[Top][All Lists]

[Date Prev][Date Next][Thread Prev][Thread Next][Date Index][Thread Index]

Re: [Qemu-devel] [PATCH qemu v14 17/18] vfio/spapr: Use VFIO_SPAPR_TCE_v

From: Alexey Kardashevskiy
Subject: Re: [Qemu-devel] [PATCH qemu v14 17/18] vfio/spapr: Use VFIO_SPAPR_TCE_v2_IOMMU
Date: Wed, 23 Mar 2016 14:06:36 +1100
User-agent: Mozilla/5.0 (X11; Linux i686 on x86_64; rv:38.0) Gecko/20100101 Thunderbird/38.7.0

On 03/23/2016 01:53 PM, David Gibson wrote:
On Wed, Mar 23, 2016 at 01:12:59PM +1100, Alexey Kardashevskiy wrote:
On 03/23/2016 12:08 PM, David Gibson wrote:
On Tue, Mar 22, 2016 at 04:54:07PM +1100, Alexey Kardashevskiy wrote:
On 03/22/2016 04:14 PM, David Gibson wrote:
On Mon, Mar 21, 2016 at 06:47:05PM +1100, Alexey Kardashevskiy wrote:
New VFIO_SPAPR_TCE_v2_IOMMU type supports dynamic DMA window management.
This adds ability to VFIO common code to dynamically allocate/remove
DMA windows in the host kernel when new VFIO container is added/removed.

This adds VFIO_IOMMU_SPAPR_TCE_CREATE ioctl to vfio_listener_region_add
and adds just created IOMMU into the host IOMMU list; the opposite
action is taken in vfio_listener_region_del.

When creating a new window, this uses euristic to decide on the TCE table
levels number.

This should cause no guest visible change in behavior.

Signed-off-by: Alexey Kardashevskiy <address@hidden>
* new to the series

* export levels to PHB
  hw/vfio/common.c | 108 ++++++++++++++++++++++++++++++++++++++++++++++++++++---
  trace-events     |   2 ++
  2 files changed, 105 insertions(+), 5 deletions(-)

diff --git a/hw/vfio/common.c b/hw/vfio/common.c
index 4e873b7..421d6eb 100644
--- a/hw/vfio/common.c
+++ b/hw/vfio/common.c
@@ -279,6 +279,14 @@ static int vfio_host_iommu_add(VFIOContainer *container,
      return 0;

+static void vfio_host_iommu_del(VFIOContainer *container, hwaddr min_iova)
+    VFIOHostIOMMU *hiommu = vfio_host_iommu_lookup(container, min_iova, 

The hard-coded 0x1000 looks dubious..

Well, that's the minimal page size...

Really?  Some BookE CPUs support 1KiB page size..

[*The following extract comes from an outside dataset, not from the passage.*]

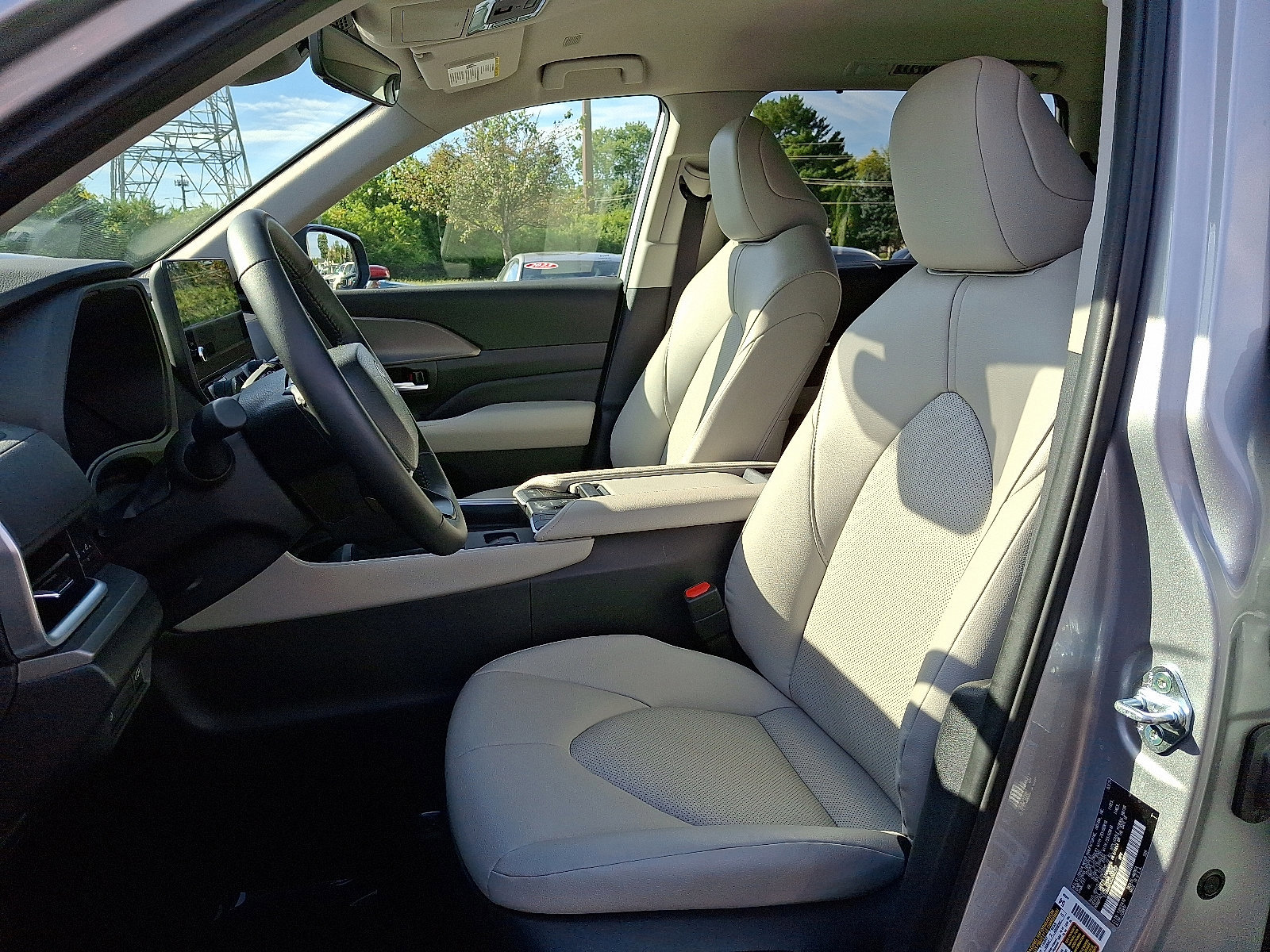 Certified 2025 Toyota Grand Highlander AWD image 14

Hm. For IOMMU? Ok. s/0x1000/1/ should do then :)

Uh.. actually I don't think those CPUs generally had an IOMMU.  But if
it's been done for CPU MMU I wouldn't count on it not being done for

1 is a safer choice.

+    g_assert(hiommu);
+    QLIST_REMOVE(hiommu, hiommu_next);
  static bool vfio_listener_skipped_section(MemoryRegionSection *section)
      return (!memory_region_is_ram(section->mr) &&
@@ -392,6 +400,61 @@ static void vfio_listener_region_add(MemoryListener 
      end = int128_get64(llend);

+    if (container->iommu_type == VFIO_SPAPR_TCE_v2_IOMMU) {

I think this would be clearer split out into a helper function,
vfio_create_host_window() or something.

It is rather vfio_spapr_create_host_window() and we were avoiding
xxx_spapr_xxx so far. I'd cut-n-paste the SPAPR PCI AS listener to a
separate file but this usually triggers more discussion and never ends well.

+        unsigned entries, pages;
+        struct vfio_iommu_spapr_tce_create create = { .argsz = sizeof(create) 
+        g_assert(section->mr->iommu_ops);
+        g_assert(memory_region_is_iommu(section->mr));

I don't think you need these asserts.  AFAICT the same logic should
work if a RAM MR was added directly to PCI address space - this would
create the new host window, then the existing code for adding a RAM MR
would map that block of RAM statically into the new window.

In what configuration/machine can we do that on SPAPR?

spapr guests won't ever do that.  But you can run an x86 guest on a
powernv host and this situation could come up.

I am pretty sure VFIO won't work in this case anyway.

I'm not.  There's no fundamental reason VFIO shouldn't work with TCG.

This is not about TCG (pseries TCG guest works with VFIO on powernv host), this is about things like VFIO_IOMMU_GET_INFO vs. VFIO_IOMMU_SPAPR_TCE_GET_INFO ioctls but yes, fundamentally, it can work.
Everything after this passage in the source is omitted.